Provided entries Start Marker

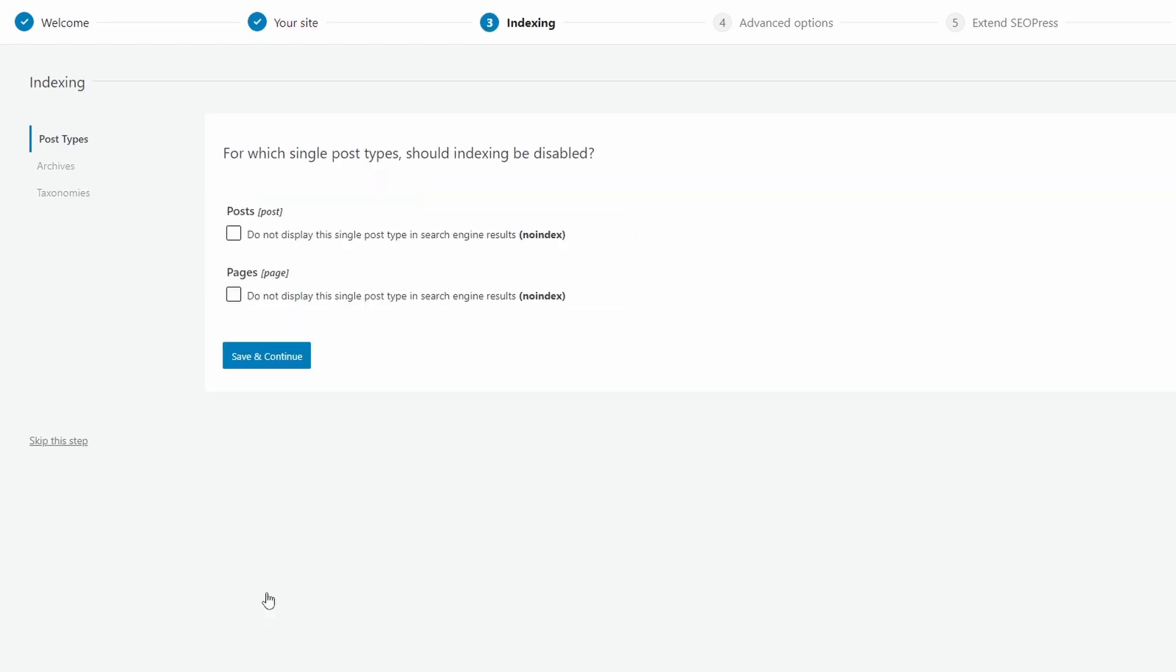On the indexing step, you can exclude some post types from being indexed. Do not confuse this with other plugins, where you select the stuff you want to index. Here you have to exclude.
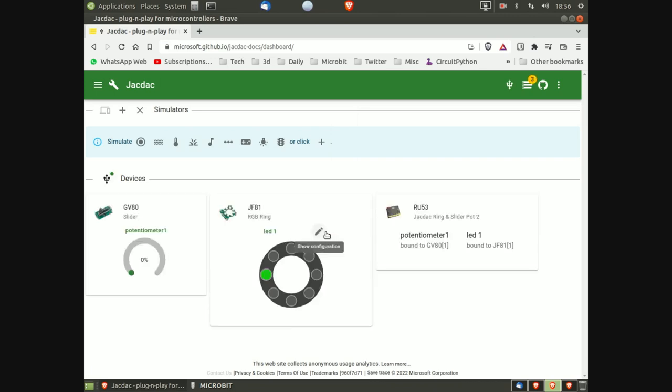The screen will show the physical devices that are connected. This includes the micro:bit, the LED ring, and the potentiometer slider.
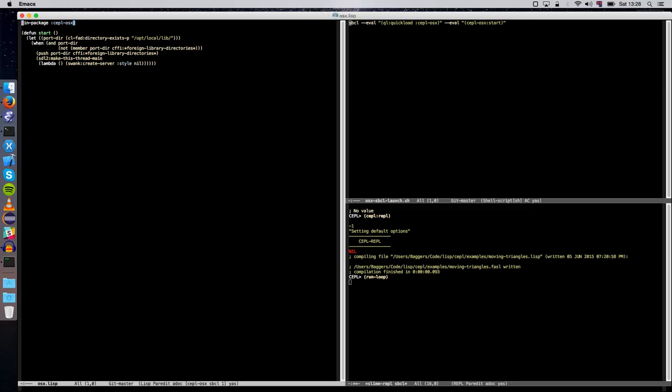The start does a couple of things. First is that if you're using Mac ports, there's a particular directory that all your libraries live under, and we need things like CFFI to know where those are. So it adds that directory. It also makes this thread main for SDL2.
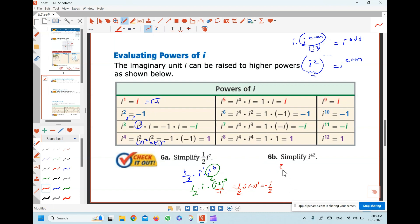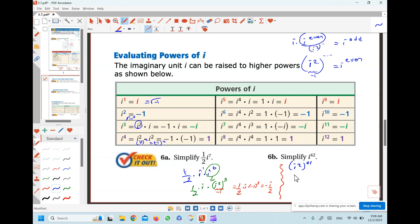For an even power, like i to the 42nd: divide 42 by 2 to get 21, so this is i squared raised to the 21st power. Since i squared is negative 1, we get negative 1 to the power of 21. Since 21 is an odd power, the answer is negative 1.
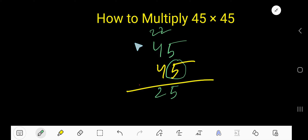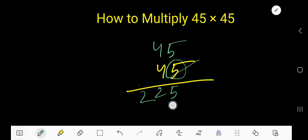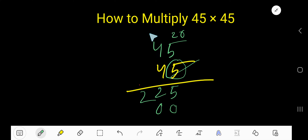...and carry 2 to the next column, but in the next column there is no number, so 2 comes here. Now start with this 4 — it is in the second column, so the first column will have a placeholder 0. 4 times 5 is 20, write 0 here and carry 2 to the next column.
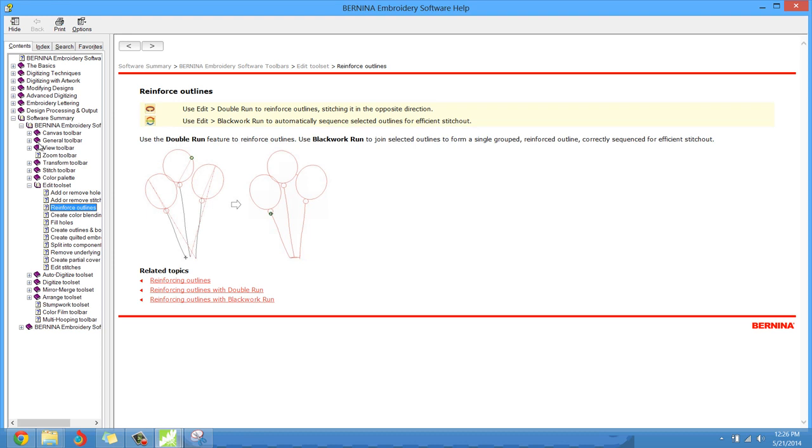The double run's pretty basic. It says, use the double run feature to reinforce outlines. That's pretty basic. Now what that's going to do is if we just have a single stitch outline and you want it to be a little more reinforced or a little bolder, a little stronger, you would then click on the double run and I'll show you. You click on the double run and that just kind of beefs it up a little bit. It kicks it up a notch, but then we get to the black work.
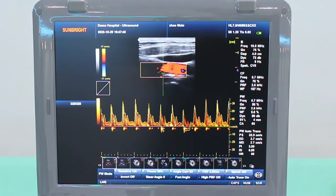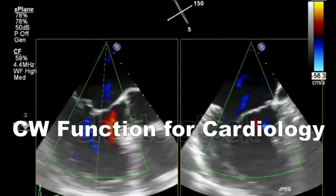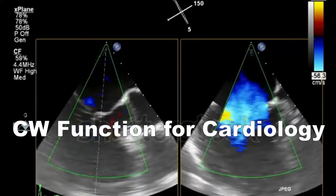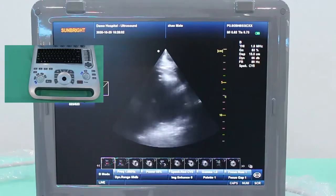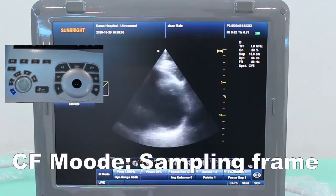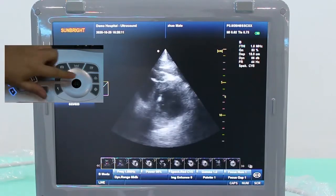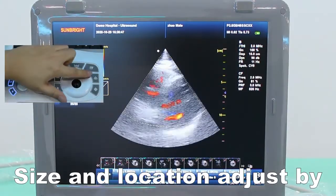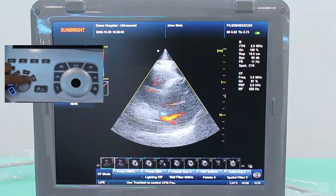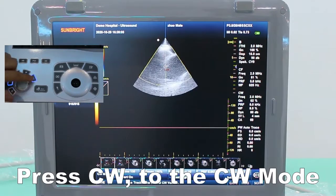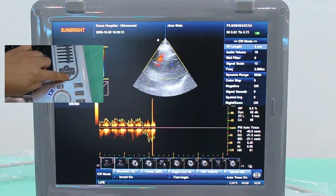CW function for cardiology. Procedures for CW function: First, make a scan of the heart. Then press CF. You can adjust the size of the sampling frame using the sample key and adjust the sampling location using the trackball. Press CW. You can adjust SV length.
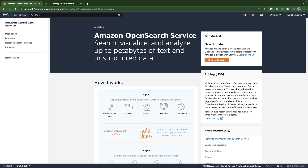Hey guys, welcome back to another exciting session. I'm your host Mahesh Kariya, you're watching me on YouTube. Today I'm going to take you through Amazon OpenSearch Service — how to set up Amazon OpenSearch Service and how to set up your Kibana dashboard using AWS. Without wasting any time, let's dive into it.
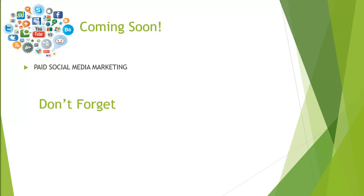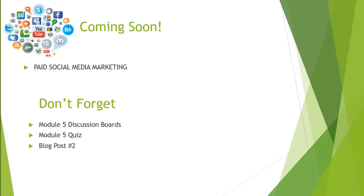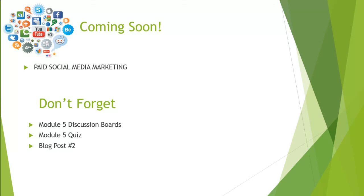Before we wrap up module five, don't forget that you do need to post twice in the module five discussion boards, chapters eight and nine. You are going to need to take the module five quiz, and your blog post is due on Thursday at 5 p.m.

Provided entries End Marker

**Activity:**
Exactly the lines starting at the one above with "The screen will" and ending at the one with "For an even" should be printed, and nothing else. Omit the pictures.

**The completed task:**
The screen will show the physical devices that are connected. This includes the micro:bit, the LED ring, and the potentiometer slider.
The start does a couple of things. First is that if you're using Mac ports, there's a particular directory that all your libraries live under, and we need things like CFFI to know where those are. So it adds that directory. It also makes this thread main for SDL2.
For an even power, like i to the 42nd: divide 42 by 2 to get 21, so this is i squared raised to the 21st power. Since i squared is negative 1, we get negative 1 to the power of 21. Since 21 is an odd power, the answer is negative 1.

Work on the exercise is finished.